5.3 Notes/Examples

5.3 Summary Notes

Dot Plots

One convenient way to organize numerical data is a dot plot. A dot plot is a simple display that places a dot (or X, or another symbol) above an axis for each datum value (datum is the singular of data). The axis should cover the entire range of the data, even numbers that will have no data marked above them should be included to show outliers or gaps. There is a dot for each value, so values that occur more than once will be shown by stacked dots. Dot plots are especially useful when you are working with a small set of data across a reasonably small range of values. This type of graph gives a clear view of the shape, any mode(s) and the range of a set of data. The numbers are already in order, so finding the median is fairly quick. And any outliers are quickly visible.

Describing a Numerical Distribution

Once you have constructed a graphical representation of a data set, the next step is to describe what the graph shows. There are several characteristics that should be mentioned when describing a numerical distribution, and your description needs to explain what this specific data represents. Describe the shape of the graph, whether or not there are any outliers present in the data, the location of the center of the data and how spread out the data is. All of this should be done in the specific context of the individuals and variable being studied. We will use an acronym to help you remember what to include in your descriptions (S.O.C.C.S.) - shape, outliers, context, center and spread. An explanation of each of these characteristics follows.

Shape

Once a graphical display is constructed, we can describe the distribution. When describing the distribution, we should be sure to address its shape.
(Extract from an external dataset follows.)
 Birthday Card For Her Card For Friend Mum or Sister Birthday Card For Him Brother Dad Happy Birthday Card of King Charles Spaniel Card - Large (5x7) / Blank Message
Although many graphs will not have a clear or exact shape, we can usually identify the shape as symmetrical or skewed. A symmetrical distribution will have a middle where we can draw an imaginary line through the center, and a fairly equal "look" on either side of that imaginary line. If you were to fold along the imaginary center line, the two sides would almost match up. Many symmetrical distributions are bell shaped, they will be tall in the middle with the two sides thinning out. The sides are referred to as tails. A skewed distribution is one in which the bulk of the data is concentrated on one end, with the other side being a longer tail. The direction of the longer tail is the direction of the skew. Skewed right will have a longer tail to the right, or higher numbers. Skewed left will have a longer tail off to the left, or the lower values. Other shapes that you might see are uniform (almost consistent height all the way across) and bimodal (having two peaks in the distribution).

Outliers

If there are any outliers, gaps, groupings, or other unusual features in the distribution, we should be sure to mention them. An outlier is a value that does not fit with the rest of the data. Some distributions will have several outliers, while others will not have any. We should always look for outliers because they can affect many of our statistics. Also, sometimes an outlier is actually an error that needs to be corrected. If you have ever 'bombed' one test in a class, you probably discovered that it had a big impact on your overall average in that class. This is because the mean will be affected by an outlier-it will be pulled toward it. This is another reason why we should be sure to look at the data, not just look at the statistics about the data. When an outlier is part of the data and we do not realize it, we can be misled by the mean to believe that the numbers are higher or lower than they really are.

Context

Do not forget that the graph, the numbers and the descriptions are all about something--its context. All of these elements of the distribution should be described in the specific context of the situation in question.

Center

The center of the distribution should always be included in the verbal analysis as well. People often wonder what the 'average is'. The measure for center can be reported as the median, the mean, or the mode. Even better, give more than one of these in your description. Remember that outliers affect the mean, but do not affect the median. For example, the median of a list of data will stay in the center even when the largest value increases tremendously, but such a change would affect the mean quite a bit.

Spread

Another thing to include in the description is the spread of the data. The spread is the specific range of the data. When analyzing a distribution, we don't want to simply say that the range is equal to some number. It is much more informative to say that the data ranges from_____ to ______ (minimum value to maximum value). For example, if the news reports that the temperature in St. Paul had a range of 20^o during a given week, this could mean very different temperatures depending on the time of year. It would be more informative to say something specific like, the temperature in St. Paul ranged from 68^o to 88^o last week.

S.O.C.C.S.

So, when you describe the distribution of a numerical variable, there are several things to include. This text will use the acronym S.O.C.C.S! (shape, outliers, context, center, spread) to help us remember what characteristics to include in our descriptions.

Example 1

An anthropology instructor at the community college is interested in analyzing the age distribution of her students. The students in her Anthropology 102 class are: 21, 23, 25, 26, 25, 24, 26, 19, 18, 19, 26, 28, 24, 22, 24, 19, 23, 24, 24, 21, 23, and 28 years old. Organize the data in a dot plot. Calculate the mean, median, mode, and range for the distribution. Describe the distribution. Be sure to include the shape, outliers, center, context, and spread.

Stem Plots

In statistics, data is represented in tables, charts or graphs. One disadvantage of representing data in these ways is that the specific data values are often not retained. Using a stem plot is one way to ensure that the data values are kept intact. A stem plot is a method of organizing the data that includes sorting the data and graphing it at the same time. This type of graph uses the stem as the leading part of the data value and the leaf as the remaining part of the value. The result is a graph that displays the sorted data in groups or classes. A stem plot is used with numerical data when it will be helpful to see the actual values organized in order.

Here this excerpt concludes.